Try it — Word for word, print out all of the data, omitting every image.

Dataset excerpt —

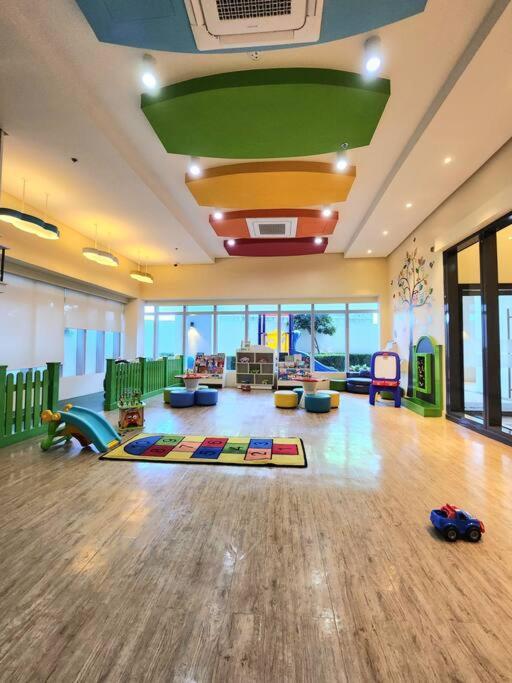 Bgc Spacious 1br Uptown Parksuites With Balcony View * Manila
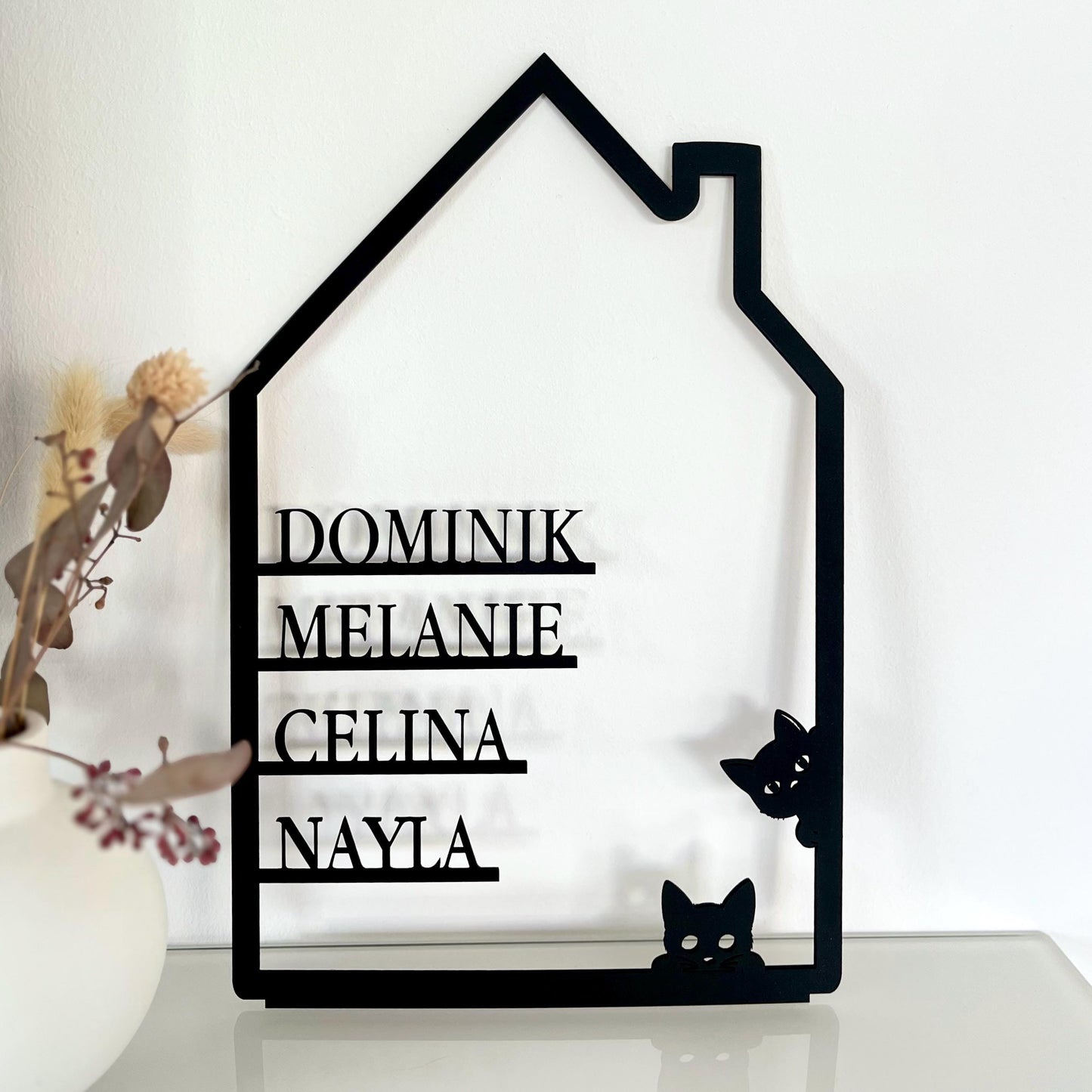 Familienschild aus Holz personalisiert – Hausform mit Katzen & Vornamen
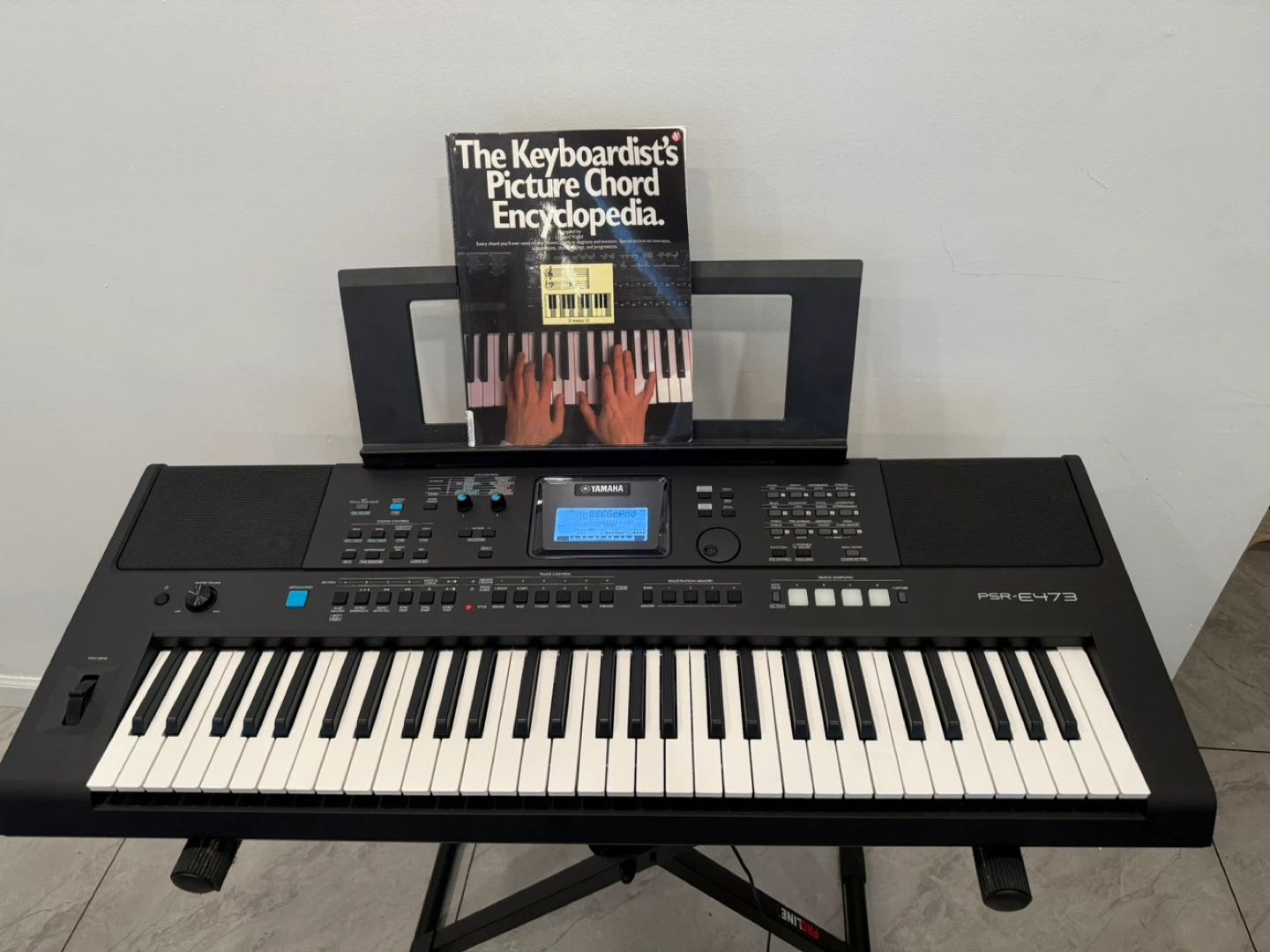 Yamaha PSR-E473 Keyboard with Stand and Gig Bag - photo 2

Answer section —
 Bgc Spacious 1br Uptown Parksuites With Balcony View * Manila
 Familienschild aus Holz personalisiert – Hausform mit Katzen & Vornamen
 Yamaha PSR-E473 Keyboard with Stand and Gig Bag - photo 2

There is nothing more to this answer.